The XendDomain class and the XendDomainInfo class play a significant
part in creating and destroying domains. The domain_create() method in
XendDomain class is called when we create a new domain; it starts the
process of creating of a domain.
The XendDomainInfo class and its methods are responsible for the actual
construction of a domain. The construction process includes setting up the
devices in the new domain. This involves a lot of messaging between the
front end device drivers in the domain and the back end device drivers in
the back end domain. We talk about the back end and front end device
drivers later.
The XCS Server
The XCS server opens two TCP sockets, the control connection and the data
connection. The difference between the control connection and the data
connection is the control connection is synchronous
while the data connection is asynchronous. The notifier object, which
was mentioned before, for example, is a client of the XCS server.
A connection to the XCS server is represented by an object of type
connection_t. After a connection is bound, it is added to a list of
connections, connection_list, which is iterated every five seconds to
see whether new control or data messages arrived. Control messages, which
can be control or data messages, are handled by handle_control_message()
or by handle_data_message(), respectively.
Creating Virtual Devices When Creating a Domain
The create() method in XendDomainInfo starts a chain of actions to create
a domain. The virtual devices of the domain first are created. The create()
method calls create_blkif() to create a block device interface (blkif);
this is a must even if the VM doesn't use a disk. The other virtual devices
are created by create_configured_devices(), which eventually calls the
createDevice() method of DevController class (see controller.py). This
method calls the newDevice() method of the corresponding class. All the
device classes inherit from Dev, which is an abstract class representing
a device attached to a device controller. Its attach() abstract (empty)

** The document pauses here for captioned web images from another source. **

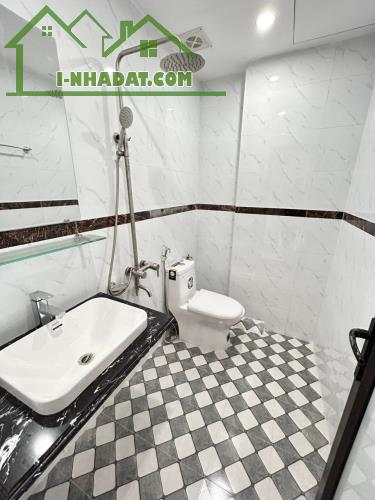 Bán nhà cạnh UB xã Kim Chung, Hoài Đức. Nhà 30m2 xây 5 tầng. Ngõ thoáng cạnh chợ trạm Y Tế - 4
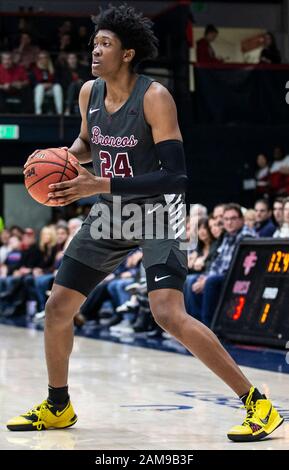 Moraga, CA États-Unis 11 janvier 2020. A. Santa Clara Broncos garde Jalen Williams (24)regarde passer le ballon pendant le match de basket-ball NCAA pour Homme entre Santa Clara Broncos et les Gaels de Saint Mary 67-66 gagner au Pavillon McKeon Moraga Calif. Thurman James/CSM/Alay Live News Banque D'Images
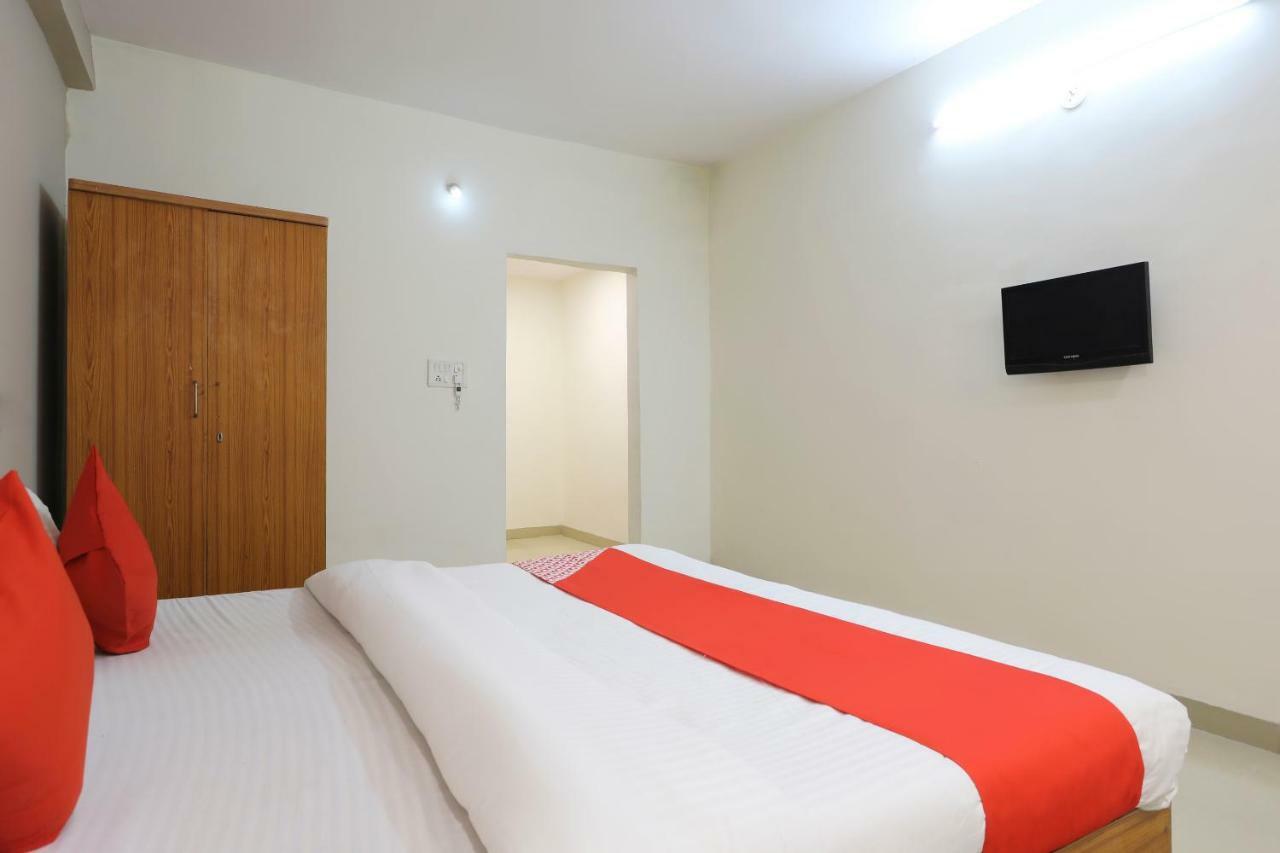 Oyo 43851 Hotel Virasat Māndu Eksteriør billede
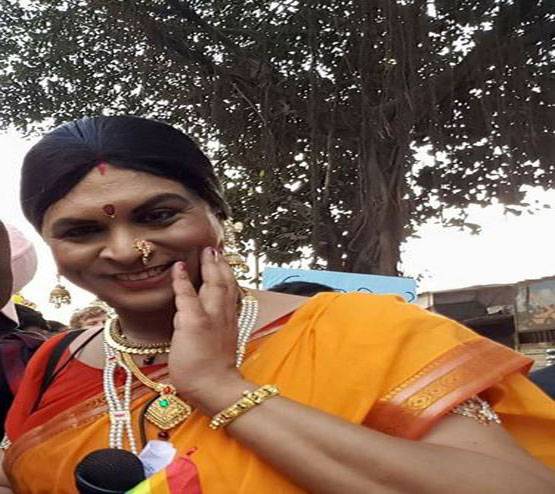 #SareeTwitter: ट्विटर पर चढ़ा साड़ी का खुमार, देखें 10 मजेदार फोटो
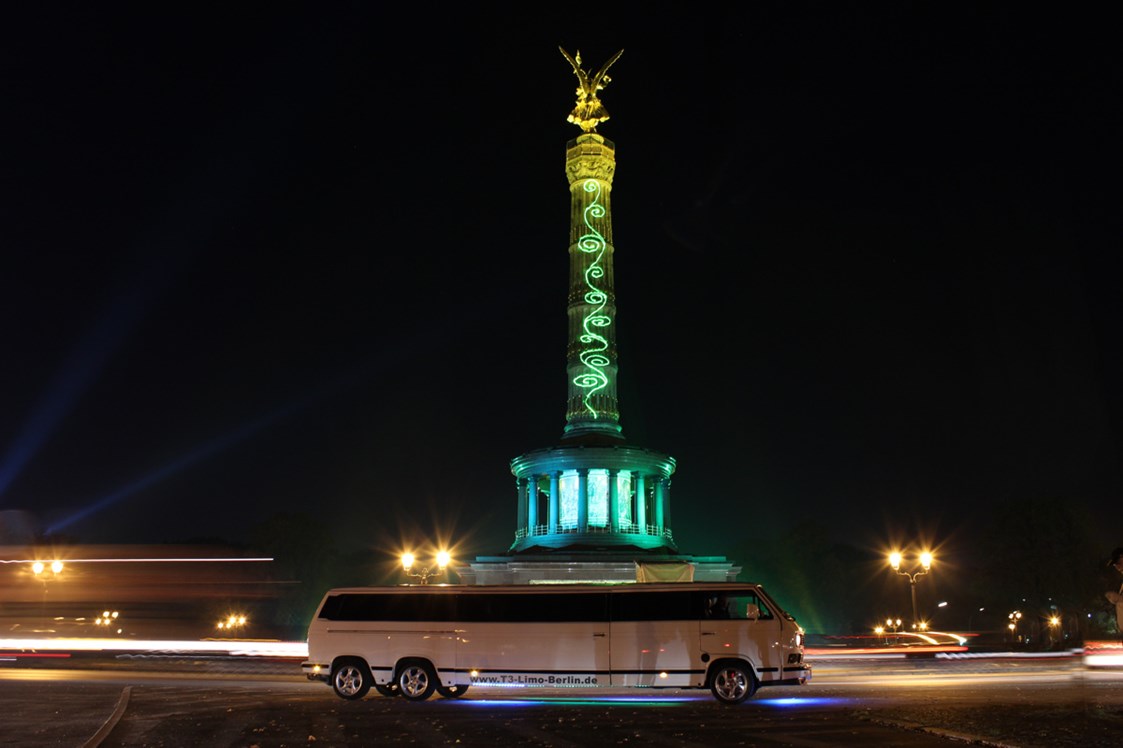 Hochzeitsauto: Auch bei Nacht ist die VW Stretchlimousine eine beeindruckende Erscheinung. - VW T3 Bulli Limousine von Trabi-XXL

method is implemented in each subclass of the Dev class; this method
attaches the device to its front end and back end. Figure 2 shows the
devices hierarchy, and Figure 3 shows the device controller hierarchy.
Figure 2Figure 3
Domain 0 runs the back end drivers, and the newly created domain runs the
front end drivers. A lot of messages pass between the back end
and front end drivers. The front end driver is a virtual driver in the
sense that it does not use specific hardware details; the code resides
in drivers/xen, in the sparse tree.
Event channels and shared-memory rings are the means of communication
among domains. For example, in the case of netfront device (netfront.c),
which is the network card front end interface, the np->tx and the
np->rx are the shared memory pages, one for the receiver buffer and one for the
transmitted buffer. In send_interface_connect(), we tell the netback end
to bring up the interface. The connect message travels through the event
channel to the netif_connect() method of the back end, interface.c. The
netif_connect() method calls the get_vm_area(2*PAGE_SIZE, VM_IOREMAP)).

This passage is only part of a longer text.